* _Goal of the exercise_
Look below for the line with "BMW X5 SUV, Petrol" and the line with "Cajun Bowfishing Piranha". Copy exactly those two lines and every line between, but not the pictures.

* _Data provided_
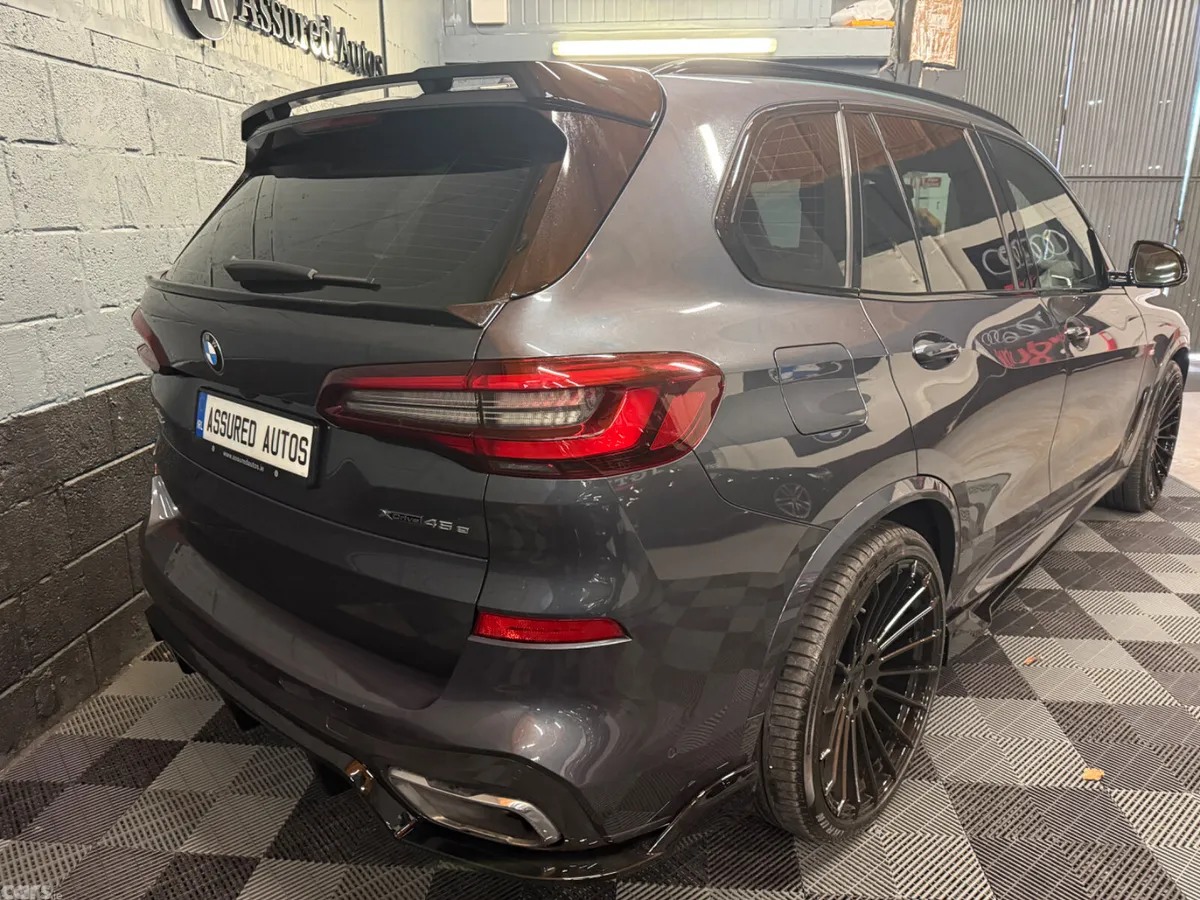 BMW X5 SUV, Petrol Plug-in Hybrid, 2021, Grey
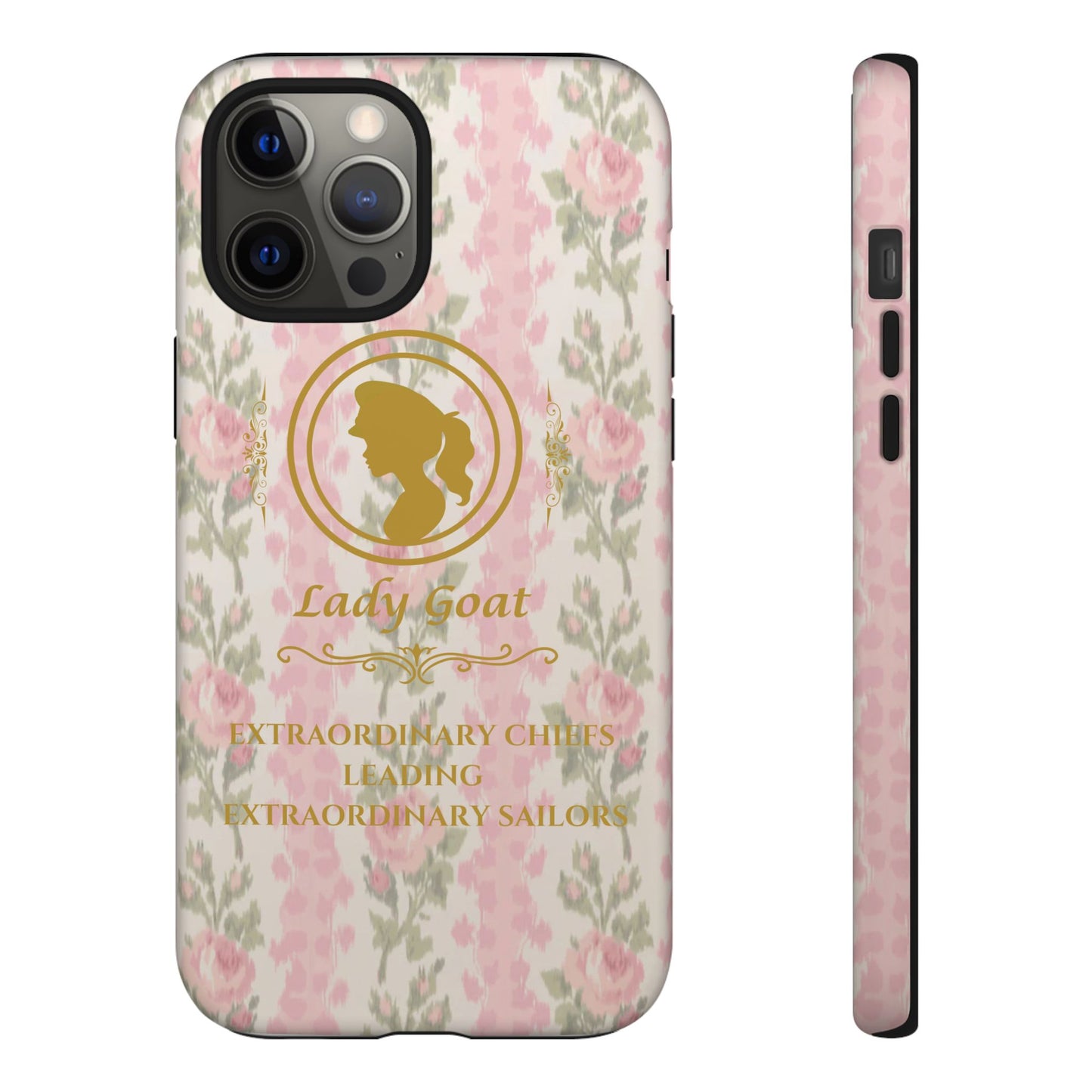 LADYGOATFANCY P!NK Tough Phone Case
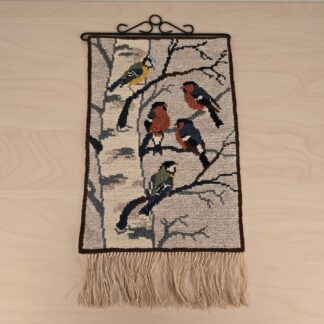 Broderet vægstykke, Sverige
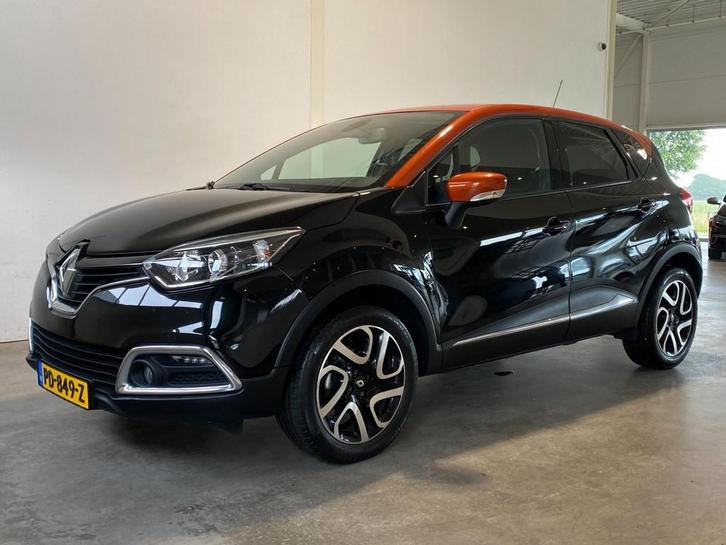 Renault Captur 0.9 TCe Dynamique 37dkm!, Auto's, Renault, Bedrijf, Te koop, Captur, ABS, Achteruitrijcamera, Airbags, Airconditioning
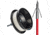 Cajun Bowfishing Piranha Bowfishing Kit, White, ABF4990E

...

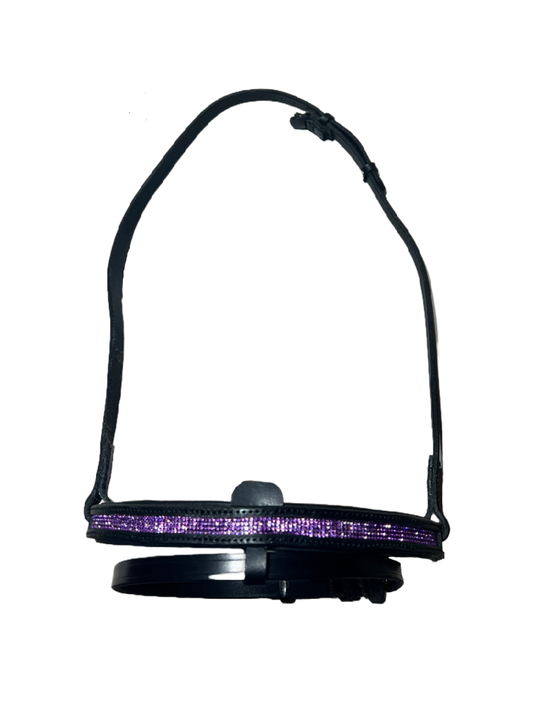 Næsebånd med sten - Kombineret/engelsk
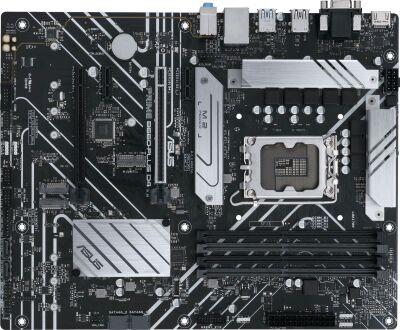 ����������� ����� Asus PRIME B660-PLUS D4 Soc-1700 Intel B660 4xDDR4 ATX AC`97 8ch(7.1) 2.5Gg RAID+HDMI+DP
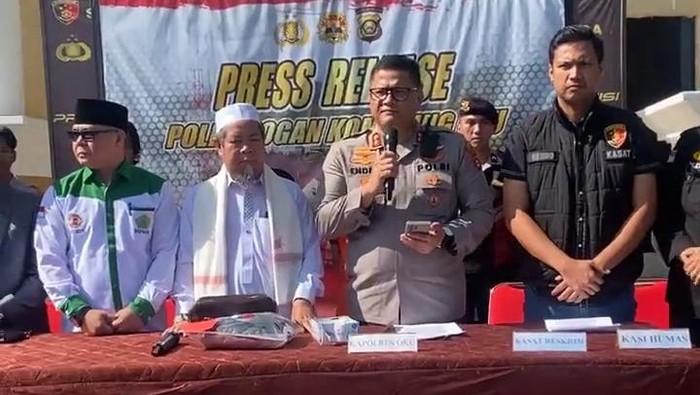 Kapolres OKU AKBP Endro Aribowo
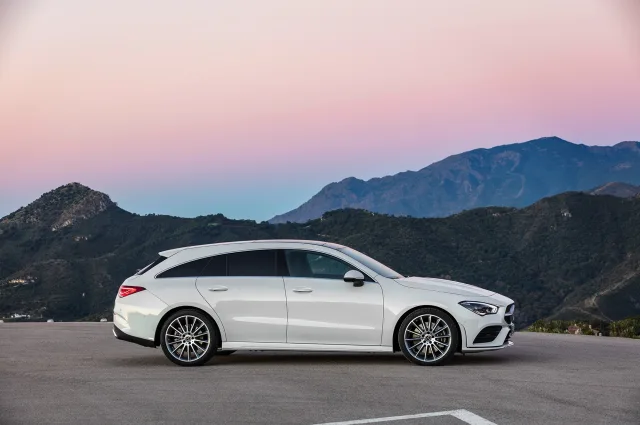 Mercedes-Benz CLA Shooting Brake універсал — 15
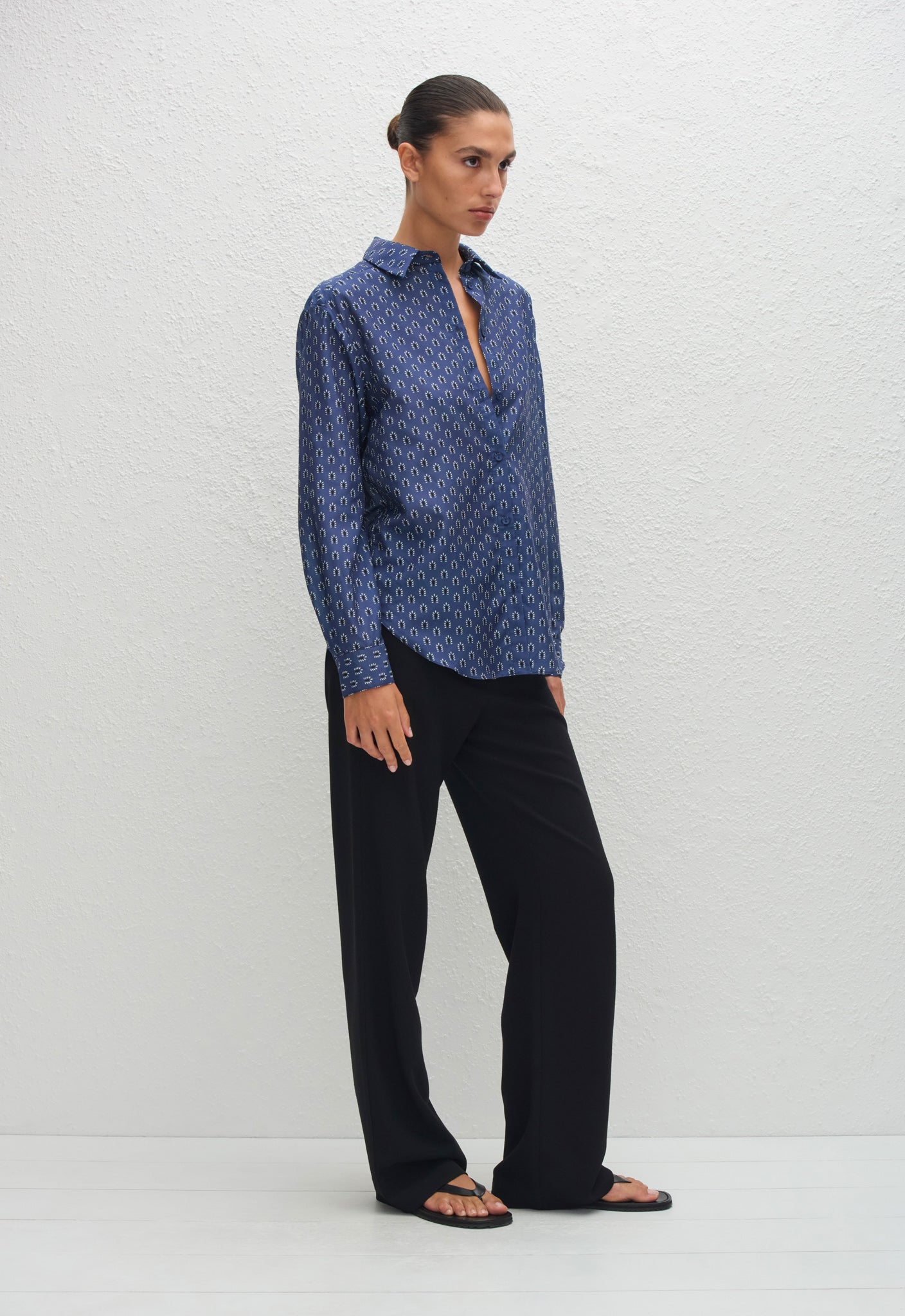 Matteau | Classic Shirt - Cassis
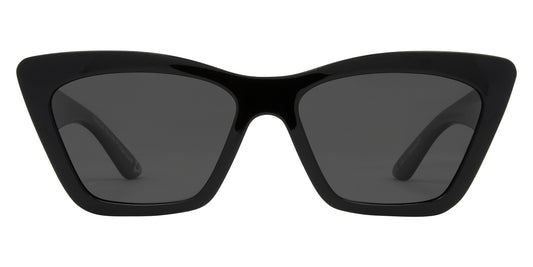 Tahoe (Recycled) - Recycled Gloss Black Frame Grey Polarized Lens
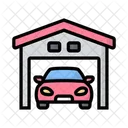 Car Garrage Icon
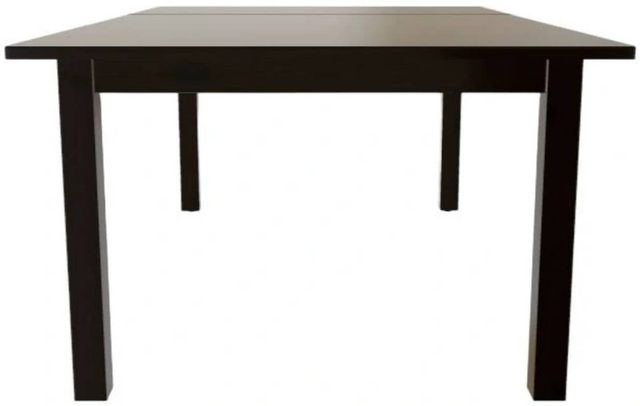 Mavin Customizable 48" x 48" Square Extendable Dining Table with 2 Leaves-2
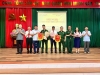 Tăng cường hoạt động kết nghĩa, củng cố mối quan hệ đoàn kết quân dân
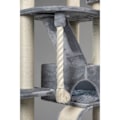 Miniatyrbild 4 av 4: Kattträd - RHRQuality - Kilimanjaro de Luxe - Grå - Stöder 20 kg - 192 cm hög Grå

...

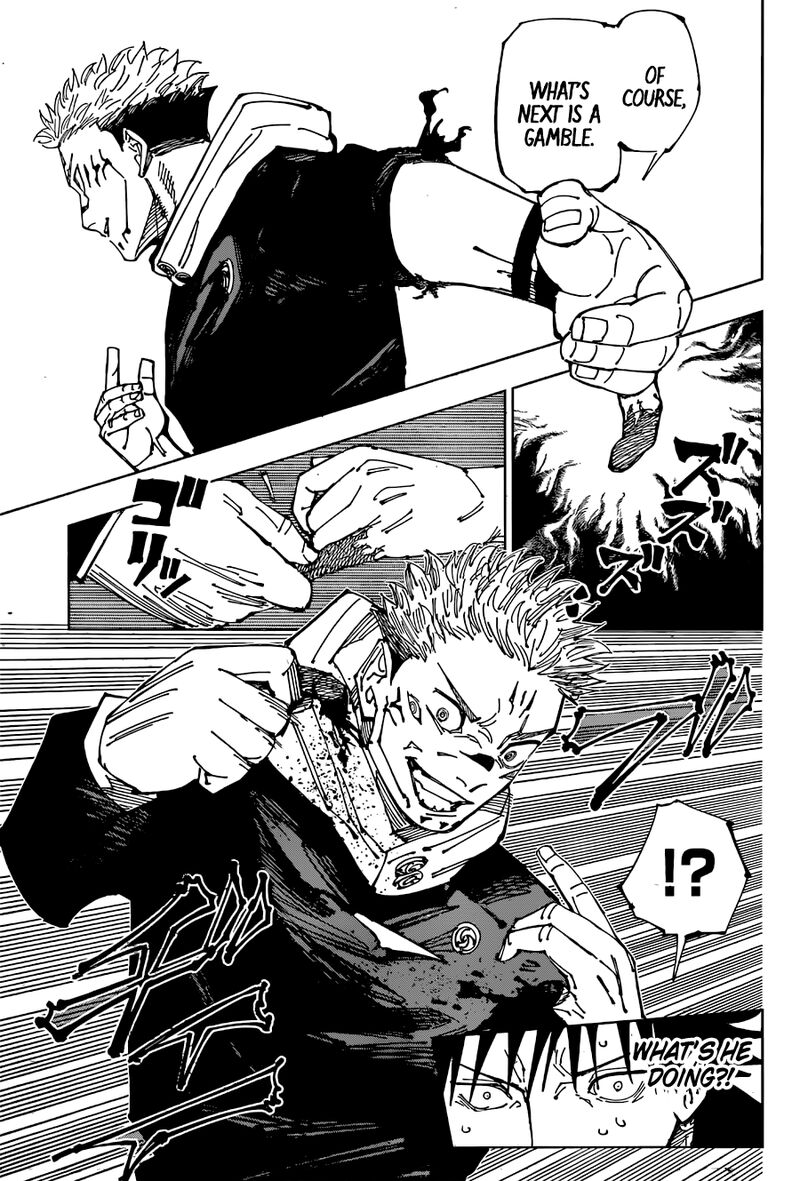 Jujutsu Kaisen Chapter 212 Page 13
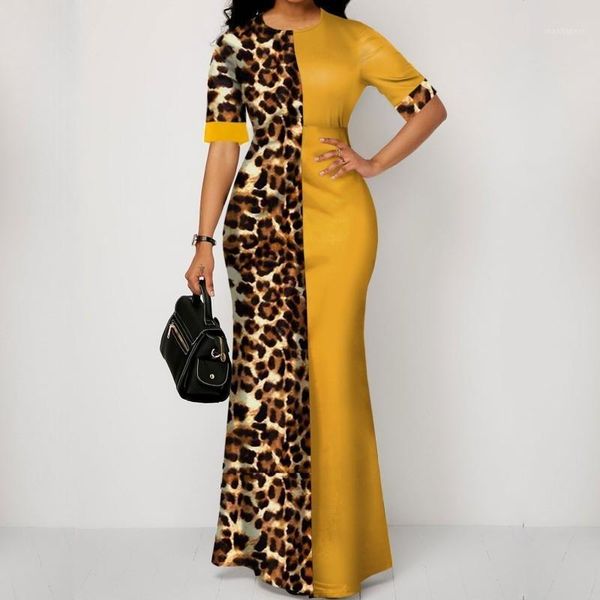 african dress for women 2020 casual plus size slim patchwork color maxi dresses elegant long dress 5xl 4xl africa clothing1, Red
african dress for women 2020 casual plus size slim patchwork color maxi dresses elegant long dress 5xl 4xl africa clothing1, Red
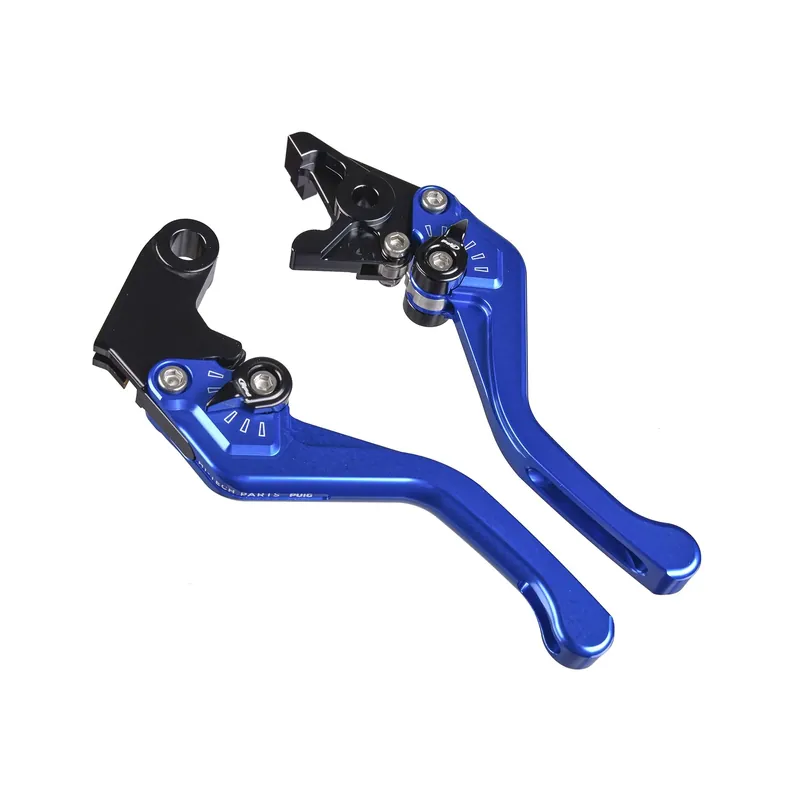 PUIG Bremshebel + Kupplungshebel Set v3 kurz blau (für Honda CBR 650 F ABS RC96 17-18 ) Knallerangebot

* _Expected answer_
 BMW X5 SUV, Petrol Plug-in Hybrid, 2021, Grey
 LADYGOATFANCY P!NK Tough Phone Case
 Broderet vægstykke, Sverige
 Renault Captur 0.9 TCe Dynamique 37dkm!, Auto's, Renault, Bedrijf, Te koop, Captur, ABS, Achteruitrijcamera, Airbags, Airconditioning
 Cajun Bowfishing Piranha Bowfishing Kit, White, ABF4990E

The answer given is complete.